Não, eu chegava em algumas capitais e perguntava como estava o partido tal e aí me contavam. Tinha um cara decentíssimo que era presidente do diretório, mas tiraram e botaram um sujeito safado por R$ 70 mil.
Qual sua opinião sobre o pedido de impeachment de Gilmar Mendes?
Ele é um pouco descuidado, emocional. Quando se zanga, fala de uma forma muito desabrida e isso pode dar uma conotação política. Mas não conheço nenhum ato dele que possa ser considerado de improbidade. Acho uma demasia, fruto de pessoas que querem neutralizá-lo.
Um ministro do Supremo pode dar opiniões políticas?
Não é comum, não deveria, mas ele faz. Até aqui, o que ele fez, não pode ser considerado criminoso. Ele fala, mas e aqueles com atos muito mais profundos de identidade ideológica e que não falam e a gente só vê as consequências do seu agir? Esses é que são perigosos.
A senhora nominaria algum?
Não. Assim também já é demais. Eu piso no tomate, mas não nessa velocidade (risos).
Nossos presídios estão à beira do colapso. O que pode ser feito, dentro do atual contexto orçamentário?
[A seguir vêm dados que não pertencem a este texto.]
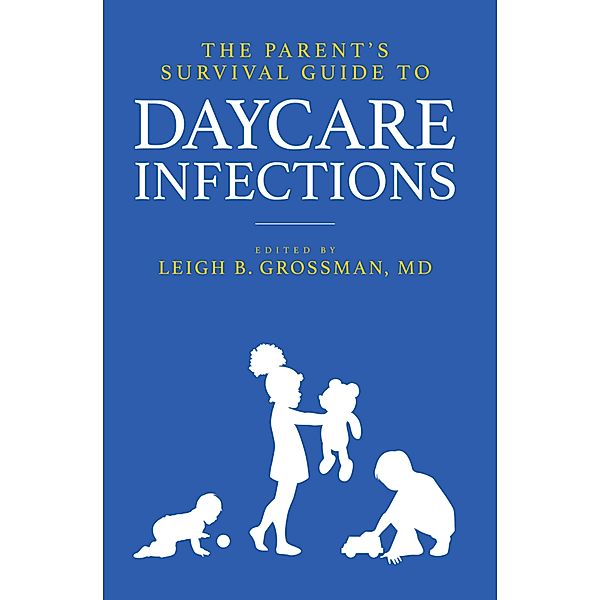 Parent's Survival Guide to Daycare Infections, Leigh Grossman
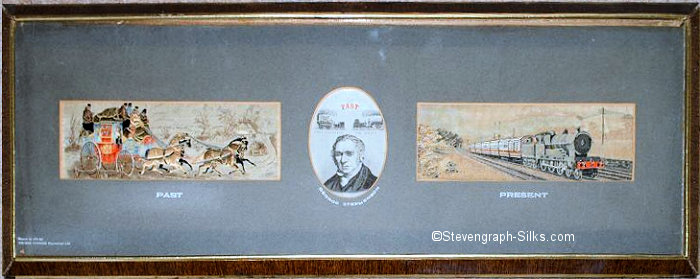 Three Stevens silk in one card-mount; The Good Old Days, George Stephenson and The Present Time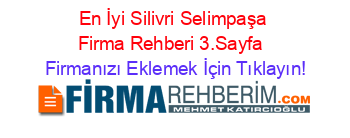 En+İyi+Silivri+Selimpaşa+Firma+Rehberi+3.Sayfa+ Firmanızı+Eklemek+İçin+Tıklayın!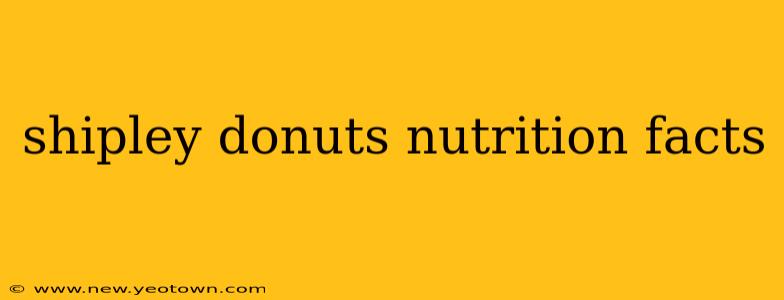 shipley donuts nutrition facts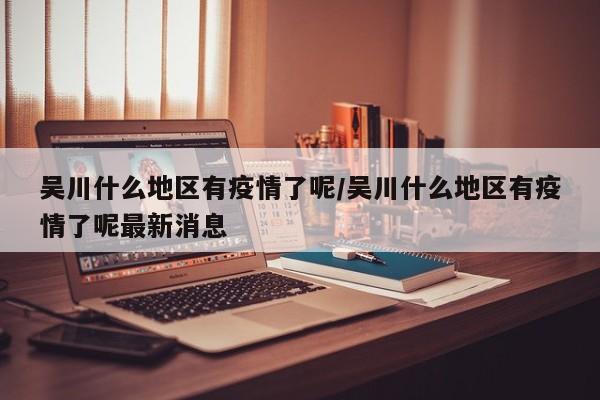 吴川什么地区有疫情了呢/吴川什么地区有疫情了呢最新消息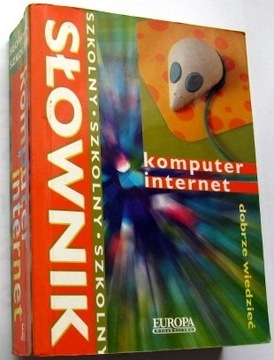 SZKOLNY SŁOWNIK - KOMPUTER, INTERNET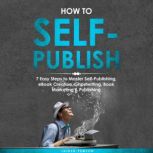 How to Self-Publish: 7 Easy Steps to Master Self-Publishing, eBook Creation, Ghostwriting, Book Marketing & Publishing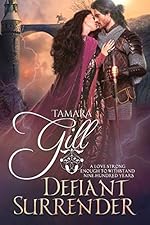 Defiant Surrender: A Medieval Time Travel Romance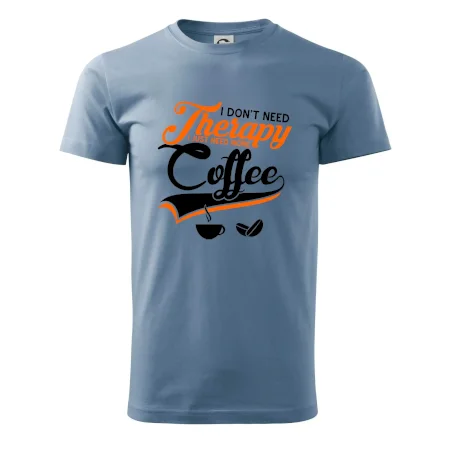 I don't need therapy coffee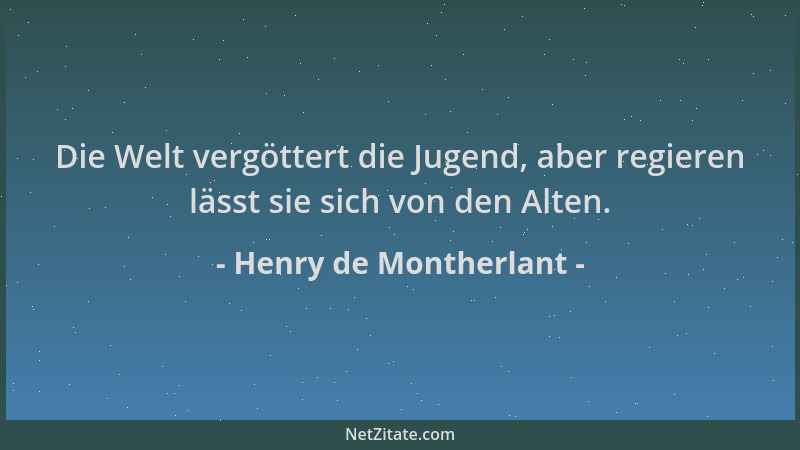Henry de Montherlant - Die Welt vergöttert die Jugend, aber regieren lässt sie sich von den Alten....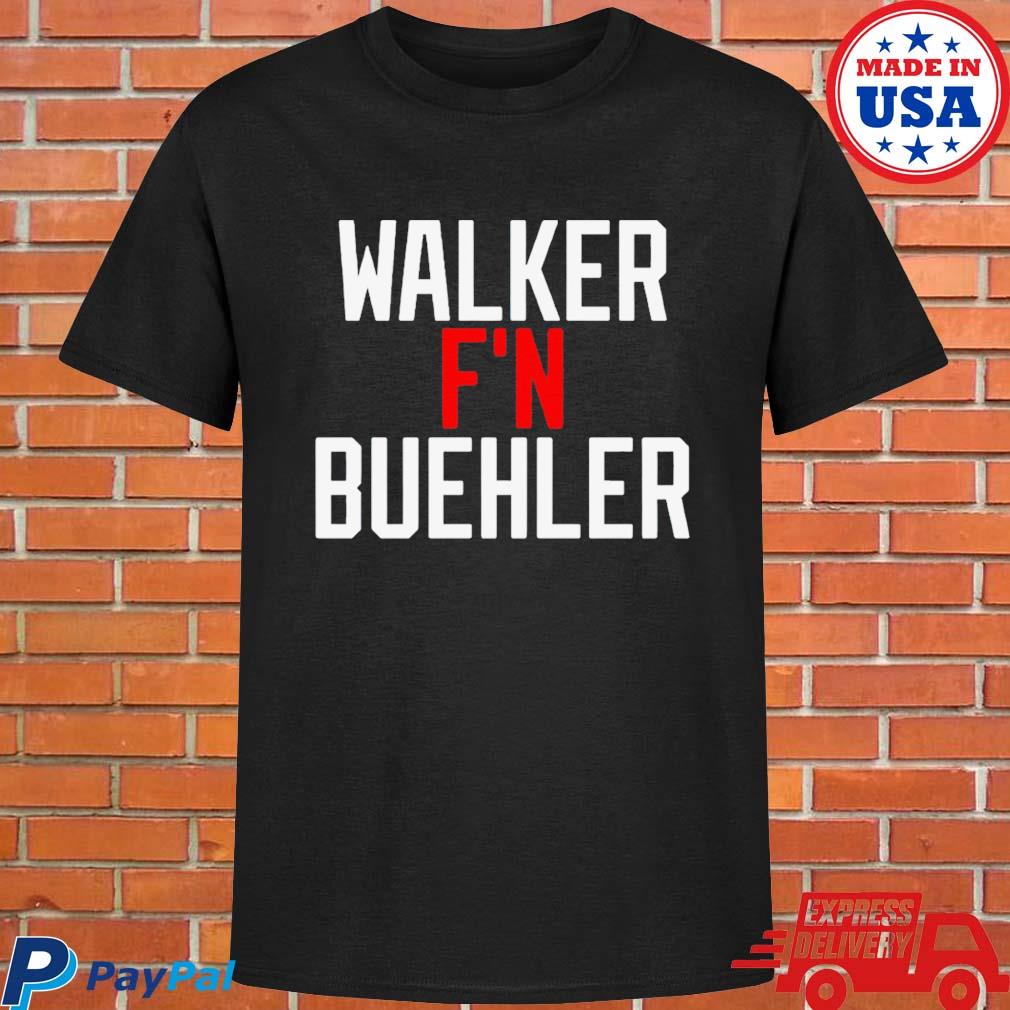 Walker F'n Buehler Shirt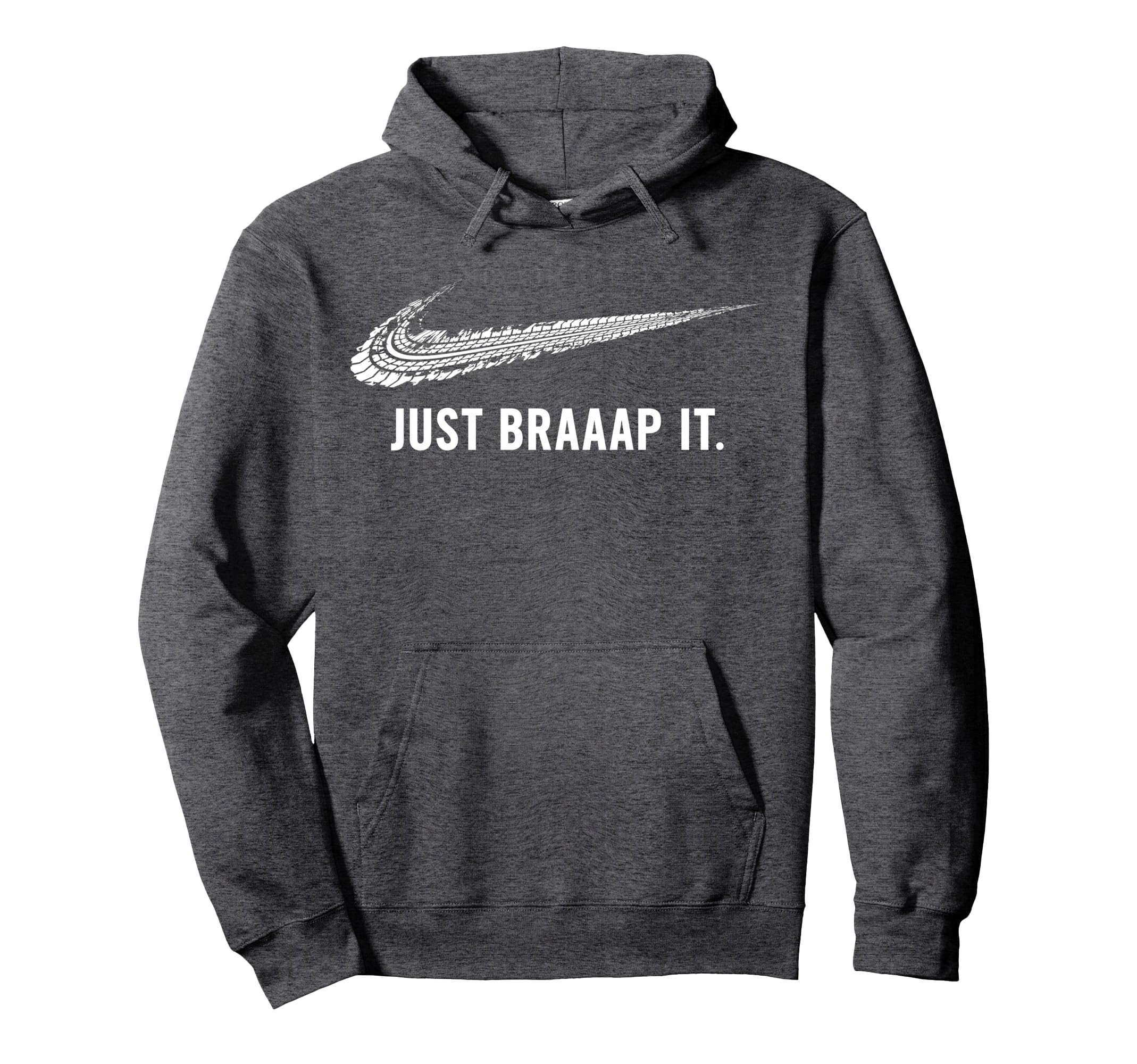 Just Braaap It Motocross And Dirt Hoodie - Minimalist Print for Adults - T-Shirt, Sweatshirt, Hoodie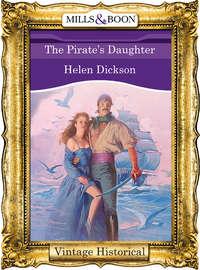 The Pirate′s Daughter, Хелен Диксон audiobook. ISDN39897506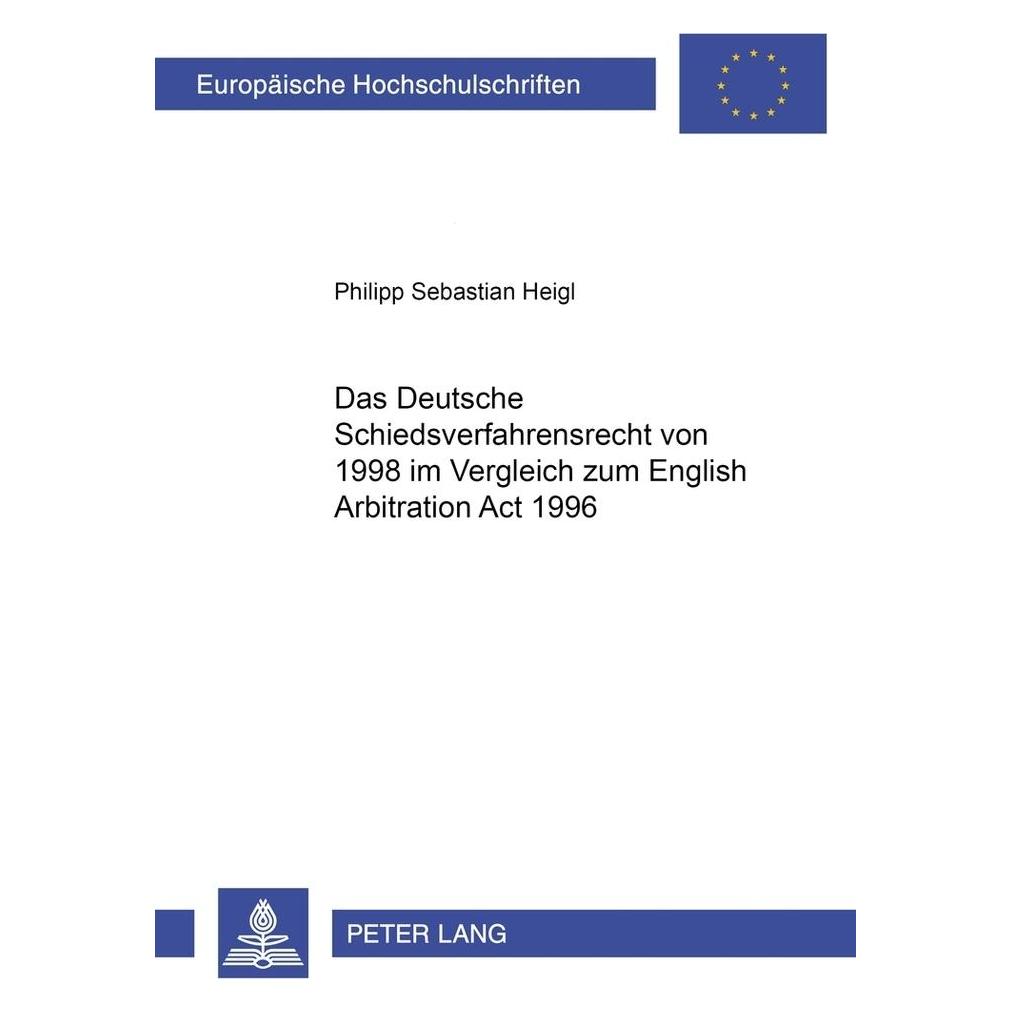 Peter Lang Das Deutsche Schiedsverfahrensrecht von 1998 im Vergleich zum English Arbitration Act 1996 (Deutsch, Softcover, Philipp Sebastian Heigl) (56034777)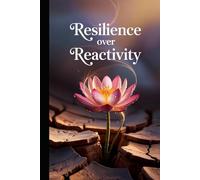 Resilience Over Reactivity: For Professionals, Entrepreneurs, Students and Someone Who Are Ready to Stay Calm, Strong, and Unshakable in a Stressful World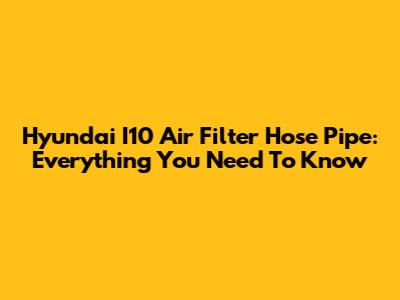 Hyundai I10 Air Filter Hose Pipe: Everything You Need To Know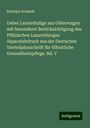 Rudolph Schmidt: Ueber Lazarethzüge aus Güterwagen mit besonderer Berücksichtigung des Pfälzischen Lazarethzuges Separatabdruck aus der Deutschen Vierteljahrsschrift für öffentliche Gesundheitspflege. Bd. V, Buch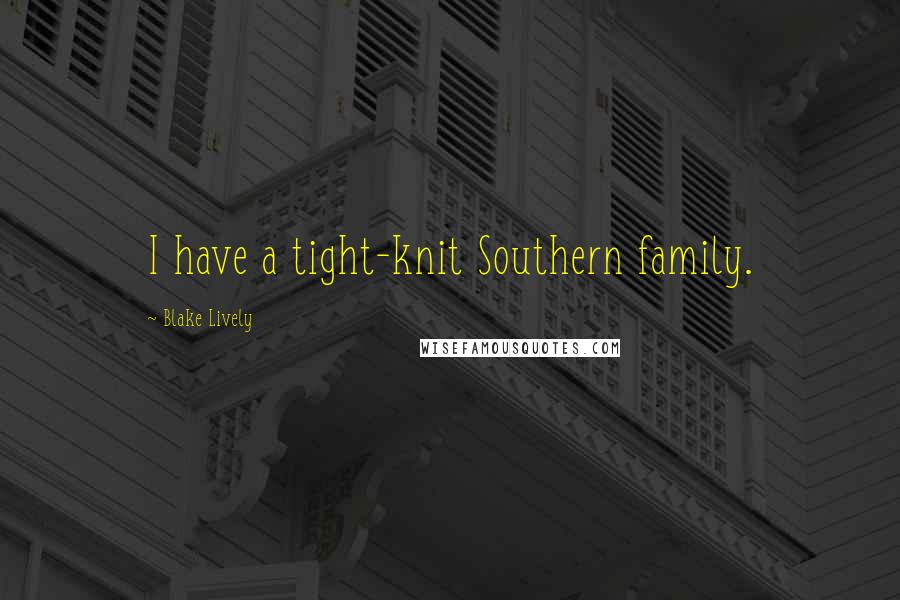 Blake Lively Quotes: I have a tight-knit Southern family.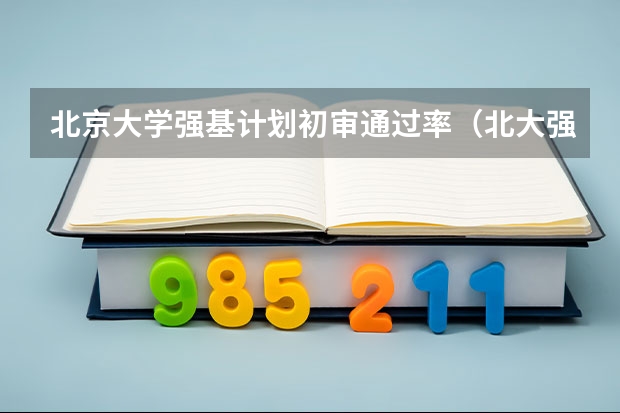 北京大学强基计划初审通过率（北大强基计划入围分数线）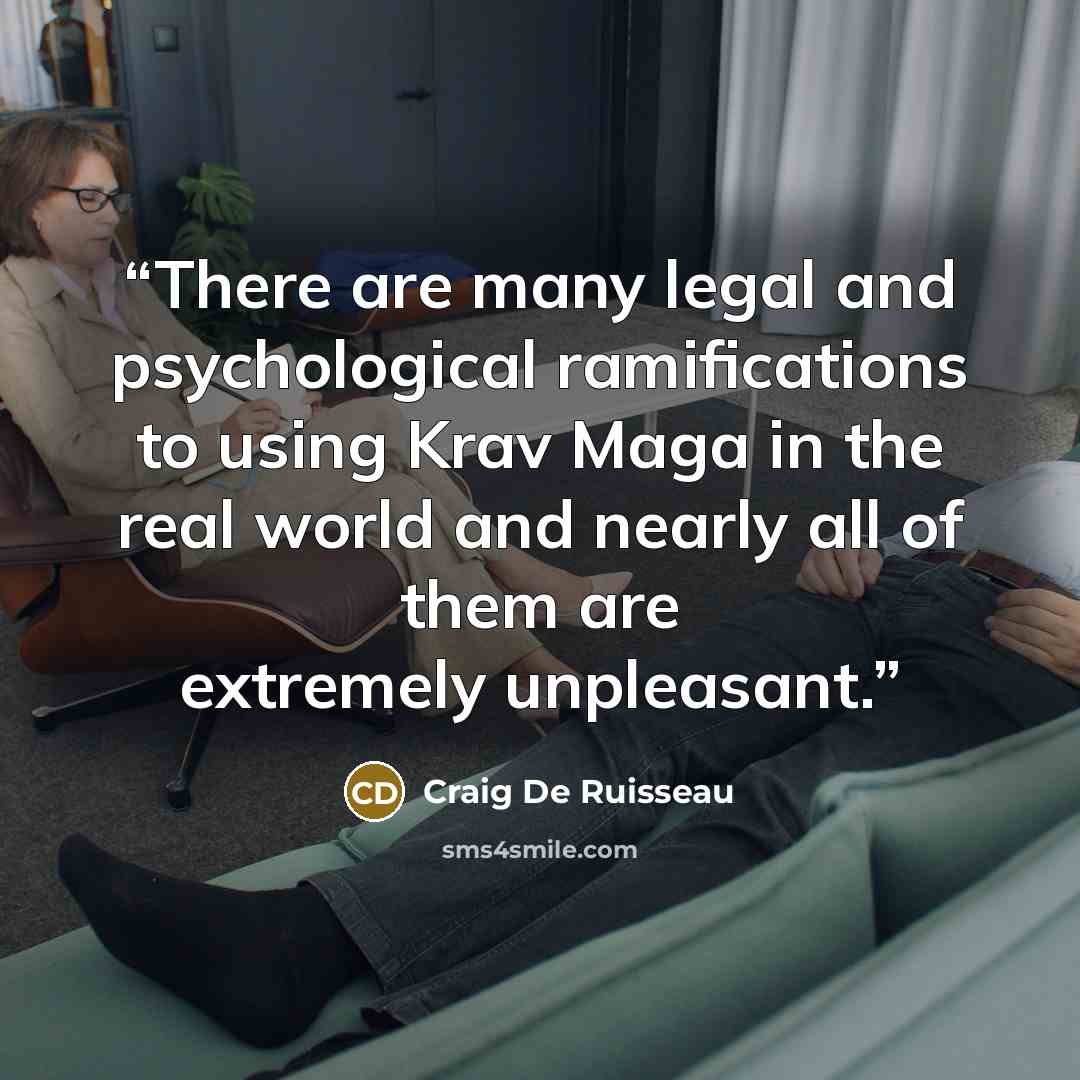 “There are many legal and psychological ramifications to using Krav Maga in the real world and nearly all of them are extremely unpleasant.” quote by Craig De Ruisseau
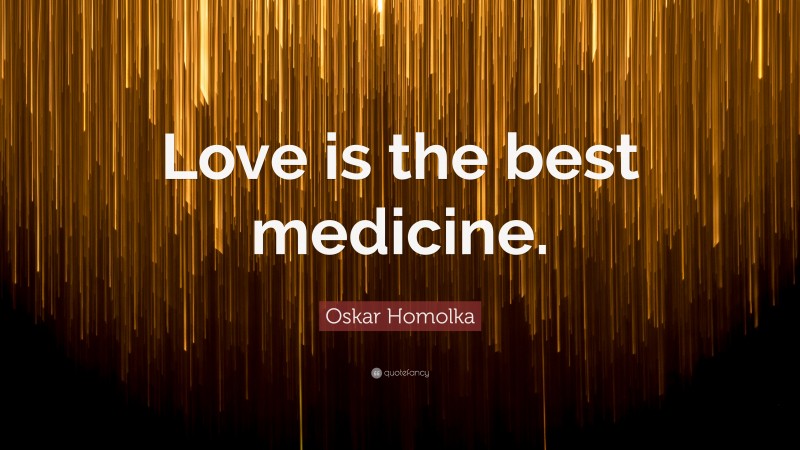 Oskar Homolka Quote: “Love is the best medicine.”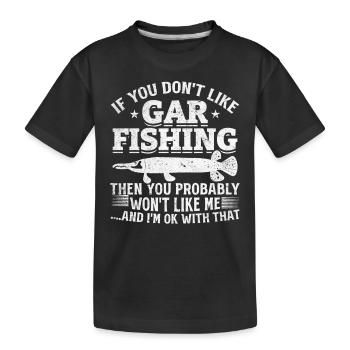 Wenn Sie nicht mögen Gar Fishing Hornhecht Angeln - Kinder Premium Bio T-Shirt - Schwarz - Vorne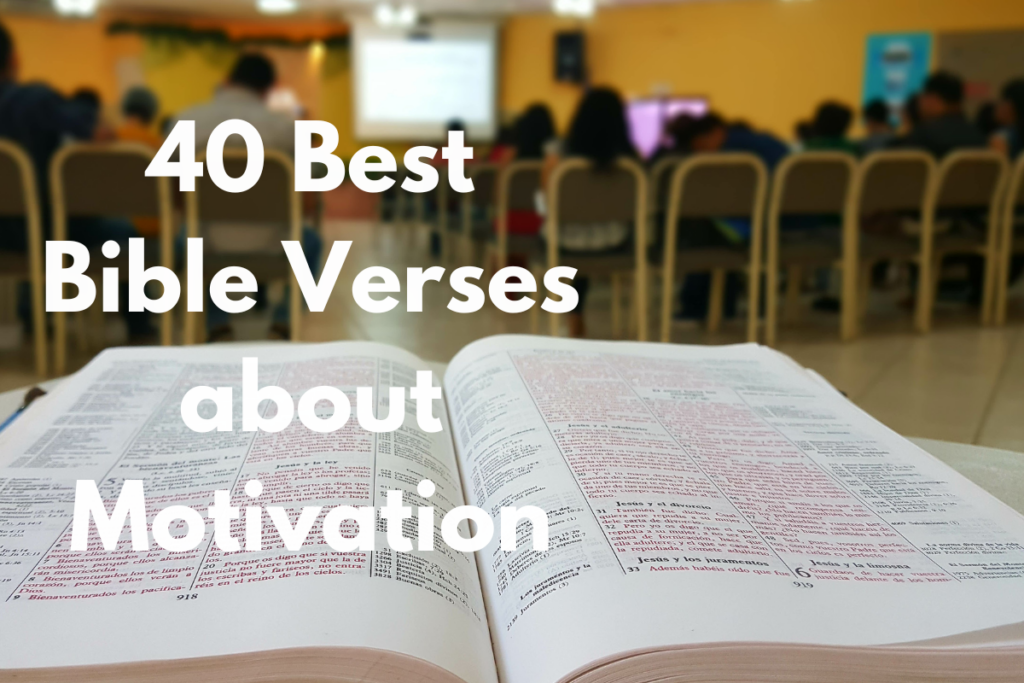 40 Best Bible Verses about Motivation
Quando os recursos são escassos, é preciso definir prioridades — e a questão carcerária é um tema que não pode ser relegado a segundo plano. O Ministério da Justiça precisa aperfeiçoar a gestão de projetos que já vêm sendo implementados pela área técnica e trabalhar de forma integrada com o judiciário, o Ministério Público e a Defensoria Pública. Importante ainda não insistir em ideias mágicas, fáceis e equivocadas, como foi a da privatização dos presídios, que não deu certo nem nos Estados Unidos.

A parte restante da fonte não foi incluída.